Es cierto que Iván Duque basó su campaña presidencial en la promesa de no hacer ni trizas, ni risas los acuerdos de La Habana, 10.282.849 de colombianos de todas las vertientes políticas lo elegimos con esa premisa y la esperanza de cambios que devolvieran el orden constitucional y legal afectado por Santos y su coalición (que sumados a la izquierda terminaron apoyando a Gustavo Petro que obtuvo 7.536.231, el 39,1% de electorado); pero con preocupación vemos que nueve meses después de su posesión tales cambios se han refundido por ese ánimo conciliador y la decisión de no utilizar el “espejo retrovisor”, que tan caro le ha salido porque termina asumiendo la responsabilidad del desastre social, económico y político que dejaron 8 años de gobierno de Santos.

Y es que ese gobierno no solo permitió la claudicación institucional, hizo uso como nunca otro gobierno en la historia, de recursos públicos para comprar lealtades, hasta el punto de que hoy los medios aún defienden a rajatabla un discurso mentiroso que dibuja una paz lejana de existir, aunque ya algunos comienzan a agotar los suministros de mermelada y se alejan de ese modelo, como ocurre de pronto con Revista Semana, aproximándose a posiciones que al menos les garantice la pauta oficial como fuente de ingresos para subsistir.

Es cierto que la gobernabilidad, en un sistema político como el nuestro, depende en gran parte del respaldo político que el mandatario tenga en el Congreso y los partidos políticos no definidos de izquierda y aunque teóricamente no hacen parte de la oposición a muerte que jurara Petro antes de la posesión de Duque, si han explotado hábilmente su representación para extorsionar al gobierno y exigir participación burocrática y en contratos como lo hace el Partido Liberal, Cambio Radical y el Partido de la U; nada más hay que analizar el discurso de Cambio Radical frente a la JEP y el reconocimiento de derechos y representación política a los miembros del Secretariado de las Farc-Ont, que manejó antes de las elecciones presidenciales y el que maneja ahora cuando dice que los cambios introducidos, sin que se introdujera ninguno, satisfacen sus demandas.

No es raro que como defensores de los acuerdos de La Habana y la impunidad para narcoterroristas sean precisamente los representantes de esa corriente corrupta del santismo.

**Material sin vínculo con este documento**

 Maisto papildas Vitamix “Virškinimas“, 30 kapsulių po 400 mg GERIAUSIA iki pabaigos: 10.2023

Ellos fueron durante el proceso de La Habana negociadores del gobierno y coincidencialmente los beneficiarios de multimillonarios contratos para hacer pedagogía o implementar la paz allá acordada, lo que no deja de ser antiético cuando menos porque estaban negociando para obtener provecho personal en nombre de la república. Lo mismo ocurre con voceros de la izquierda como Antanas Mockus, que perdió en primera instancia la curul en el Senado precisamente por la inhabilidad resultante de ser contratista del Estado 6 meses antes de ser elegido, decisión legal a la que ahora le buscan retruécanos leguleyos para revertir.

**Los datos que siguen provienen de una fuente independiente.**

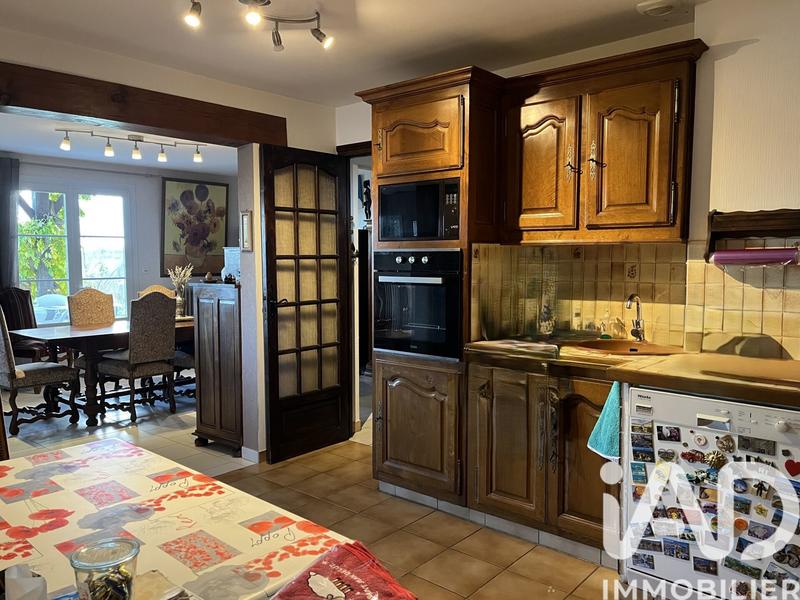 Maison - 136 m² - 7 pièces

La izquierda tradicional es más coherente y fiel a sus propósitos. Después de haber desarrollado durante más de 60 años la tesis de la combinación de las formas de lucha, que incluía las narcoguerrillas, ahora se empeña en destruir el modelo político utilizando los derechos y garantías que el mismo Estado constitucionalmente les otorga. Derrotados militarmente han encontrado más eficientes y eficaces los instrumentos democráticos para perseguir el mismo fin de imponer el socialismo, sueño atávico después de ver su fracaso histórico que comenzó con la caída del imperio creado por la URSS y del que sobreviven los fiascos de Cuba, Nicaragua y Venezuela.

Si el pueblo colombiano no reacciona, si esos 10.282.849 de electores a los que se suman los millones de desencantados con la falsa paz o paz imperfecta no reaccionan y desde las calles y cuanta tribuna se pueda, no rescatan el modelo político democrático de la amenaza que se cierne sobre él, es una realidad que los narcoterroristas sí lo harán y de la mano de unos poderes públicos corruptos, como el legislativo y el judicial, seguirán suplantando el Estado social de derecho y en muy poco tiempo comenzaremos a sufrir el infierno del fracasado socialismo real o del siglo XXI como ahora se disfraza.